-- Records for processing follows --

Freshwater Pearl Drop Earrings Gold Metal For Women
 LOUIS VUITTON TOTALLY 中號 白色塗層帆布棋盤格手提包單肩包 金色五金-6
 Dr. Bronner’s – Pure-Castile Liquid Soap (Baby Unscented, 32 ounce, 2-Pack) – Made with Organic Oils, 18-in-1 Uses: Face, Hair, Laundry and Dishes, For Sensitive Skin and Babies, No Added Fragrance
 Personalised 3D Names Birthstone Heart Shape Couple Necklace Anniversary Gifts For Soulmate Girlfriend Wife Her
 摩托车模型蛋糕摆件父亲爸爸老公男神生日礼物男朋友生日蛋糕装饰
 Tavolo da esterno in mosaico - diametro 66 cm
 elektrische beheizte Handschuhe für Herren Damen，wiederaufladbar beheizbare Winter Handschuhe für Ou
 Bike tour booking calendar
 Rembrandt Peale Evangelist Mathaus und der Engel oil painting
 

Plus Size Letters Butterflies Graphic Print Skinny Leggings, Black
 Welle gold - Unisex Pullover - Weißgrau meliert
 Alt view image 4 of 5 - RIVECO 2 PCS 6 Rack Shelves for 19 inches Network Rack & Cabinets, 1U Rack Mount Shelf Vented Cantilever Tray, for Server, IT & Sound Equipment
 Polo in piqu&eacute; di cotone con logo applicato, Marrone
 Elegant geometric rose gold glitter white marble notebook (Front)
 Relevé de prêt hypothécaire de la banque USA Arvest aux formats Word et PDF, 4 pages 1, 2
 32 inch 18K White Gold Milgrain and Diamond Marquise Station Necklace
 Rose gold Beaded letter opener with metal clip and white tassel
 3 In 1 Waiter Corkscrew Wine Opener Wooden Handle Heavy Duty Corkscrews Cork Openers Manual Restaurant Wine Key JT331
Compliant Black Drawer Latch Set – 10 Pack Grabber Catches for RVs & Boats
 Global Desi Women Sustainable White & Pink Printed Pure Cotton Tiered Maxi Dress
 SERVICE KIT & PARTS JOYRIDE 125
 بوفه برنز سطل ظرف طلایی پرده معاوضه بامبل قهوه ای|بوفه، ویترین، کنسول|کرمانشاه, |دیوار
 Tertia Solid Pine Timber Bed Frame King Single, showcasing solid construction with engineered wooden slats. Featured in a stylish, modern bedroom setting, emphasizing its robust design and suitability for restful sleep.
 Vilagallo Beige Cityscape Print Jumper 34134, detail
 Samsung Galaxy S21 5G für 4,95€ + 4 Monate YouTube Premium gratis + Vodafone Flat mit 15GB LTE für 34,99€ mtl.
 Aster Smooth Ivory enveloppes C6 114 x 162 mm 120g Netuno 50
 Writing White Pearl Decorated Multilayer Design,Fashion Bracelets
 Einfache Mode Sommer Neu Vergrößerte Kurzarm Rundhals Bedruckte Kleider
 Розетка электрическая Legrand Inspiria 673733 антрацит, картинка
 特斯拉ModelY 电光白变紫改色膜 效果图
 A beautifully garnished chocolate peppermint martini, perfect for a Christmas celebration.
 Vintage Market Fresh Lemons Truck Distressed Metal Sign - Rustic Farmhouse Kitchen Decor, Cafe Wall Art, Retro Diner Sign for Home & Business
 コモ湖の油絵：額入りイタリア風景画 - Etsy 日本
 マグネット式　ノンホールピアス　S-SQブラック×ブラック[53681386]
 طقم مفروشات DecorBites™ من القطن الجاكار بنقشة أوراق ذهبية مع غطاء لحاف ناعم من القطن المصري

-- Records for processing concluded --

▸ **Your goal**: Your output should match the records above word for word.

▸ **Your solution**:
Freshwater Pearl Drop Earrings Gold Metal For Women
 LOUIS VUITTON TOTALLY 中號 白色塗層帆布棋盤格手提包單肩包 金色五金-6
 Dr. Bronner’s – Pure-Castile Liquid Soap (Baby Unscented, 32 ounce, 2-Pack) – Made with Organic Oils, 18-in-1 Uses: Face, Hair, Laundry and Dishes, For Sensitive Skin and Babies, No Added Fragrance
 Personalised 3D Names Birthstone Heart Shape Couple Necklace Anniversary Gifts For Soulmate Girlfriend Wife Her
 摩托车模型蛋糕摆件父亲爸爸老公男神生日礼物男朋友生日蛋糕装饰
 Tavolo da esterno in mosaico - diametro 66 cm
 elektrische beheizte Handschuhe für Herren Damen，wiederaufladbar beheizbare Winter Handschuhe für Ou
 Bike tour booking calendar
 Rembrandt Peale Evangelist Mathaus und der Engel oil painting
 

Plus Size Letters Butterflies Graphic Print Skinny Leggings, Black
 Welle gold - Unisex Pullover - Weißgrau meliert
 Alt view image 4 of 5 - RIVECO 2 PCS 6 Rack Shelves for 19 inches Network Rack & Cabinets, 1U Rack Mount Shelf Vented Cantilever Tray, for Server, IT & Sound Equipment
 Polo in piqu&eacute; di cotone con logo applicato, Marrone
 Elegant geometric rose gold glitter white marble notebook (Front)
 Relevé de prêt hypothécaire de la banque USA Arvest aux formats Word et PDF, 4 pages 1, 2
 32 inch 18K White Gold Milgrain and Diamond Marquise Station Necklace
 Rose gold Beaded letter opener with metal clip and white tassel
 3 In 1 Waiter Corkscrew Wine Opener Wooden Handle Heavy Duty Corkscrews Cork Openers Manual Restaurant Wine Key JT331
Compliant Black Drawer Latch Set – 10 Pack Grabber Catches for RVs & Boats
 Global Desi Women Sustainable White & Pink Printed Pure Cotton Tiered Maxi Dress
 SERVICE KIT & PARTS JOYRIDE 125
 بوفه برنز سطل ظرف طلایی پرده معاوضه بامبل قهوه ای|بوفه، ویترین، کنسول|کرمانشاه, |دیوار
 Tertia Solid Pine Timber Bed Frame King Single, showcasing solid construction with engineered wooden slats. Featured in a stylish, modern bedroom setting, emphasizing its robust design and suitability for restful sleep.
 Vilagallo Beige Cityscape Print Jumper 34134, detail
 Samsung Galaxy S21 5G für 4,95€ + 4 Monate YouTube Premium gratis + Vodafone Flat mit 15GB LTE für 34,99€ mtl.
 Aster Smooth Ivory enveloppes C6 114 x 162 mm 120g Netuno 50
 Writing White Pearl Decorated Multilayer Design,Fashion Bracelets
 Einfache Mode Sommer Neu Vergrößerte Kurzarm Rundhals Bedruckte Kleider
 Розетка электрическая Legrand Inspiria 673733 антрацит, картинка
 特斯拉ModelY 电光白变紫改色膜 效果图
 A beautifully garnished chocolate peppermint martini, perfect for a Christmas celebration.
 Vintage Market Fresh Lemons Truck Distressed Metal Sign - Rustic Farmhouse Kitchen Decor, Cafe Wall Art, Retro Diner Sign for Home & Business
 コモ湖の油絵：額入りイタリア風景画 - Etsy 日本
 マグネット式　ノンホールピアス　S-SQブラック×ブラック[53681386]
 طقم مفروشات DecorBites™ من القطن الجاكار بنقشة أوراق ذهبية مع غطاء لحاف ناعم من القطن المصري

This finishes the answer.